Elza Soares é uma daquelas atrações musicais brasileiras que já deveriam ser classificadas como verdadeiras instituições. Daquelas que deveriam ser tombadas pelo patrimônio histórico da humanidade. Por sua história, por seu tempo de atividade, além de seu talento. São mais de 50 anos de música, 78 anos confessos de idade, 85 de acordo com alguns jornalistas e 350 anos segundo as minhas prerrogativas - porque se a gente envelhecesse a cada golpe fatal que a vida nos oferece, Elzinha teria uma lista infinita de dores e amores para nos ofertar...
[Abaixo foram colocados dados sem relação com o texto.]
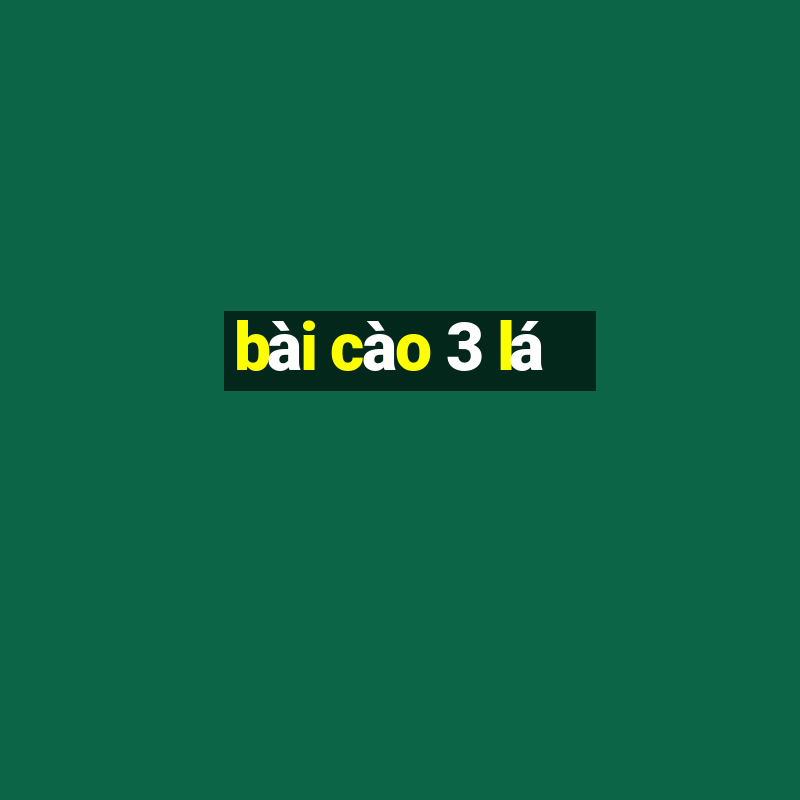 bài cào 3 lá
Minha primeira memória da musa mais célebre de Garrincha data dos meus primeiros anos da Faculdade de Letras, quando eu era um jovem encantado com a MPB de Caetano Veloso, Gilberto Gil e Chico Buarque. Ouvi a gravação antológica de "Língua", de Caetano, e fiquei embasbacado com aquela voz rouca, que perguntava o que nossa língua portuguesa queria e podia fazer por nós. A cada ganido, grito rouco e pinote dela eu tinha a plena certeza de que Elza Soares devia ter vindo de outro planeta. O da fome, como ela disse pra Ary Barroso, lá no início de sua carreira:

"- De que planeta você está vindo, minha filha?! - indagou Ary [Barroso], assustado.
- Do planeta fome!
Como que entendendo o recado, ele parou de rir e anunciou que Elza Soares cantaria "Lama". De Paulo Marques e Ailce Chaves. O conjunto atacou a introdução - fá sustenido. Orós encarou a garota e sorriu. Ela respondeu com a mesma alegria e pôs-se a cantar, botando na voz te a a sua força interior, suas angústias, sonhos e esperanças. Muitos espectadores puseram-se de pé para aplaudi-la. Ary se impressionou com seu dinamismo e potencial vocal. Chegou à segunda pede com redobrado vigor. Decidiu, também, exibir seu lado de atriz, da menina que pedia esmola nas calçadas da Central chorando para conseguir os trocados da passagem.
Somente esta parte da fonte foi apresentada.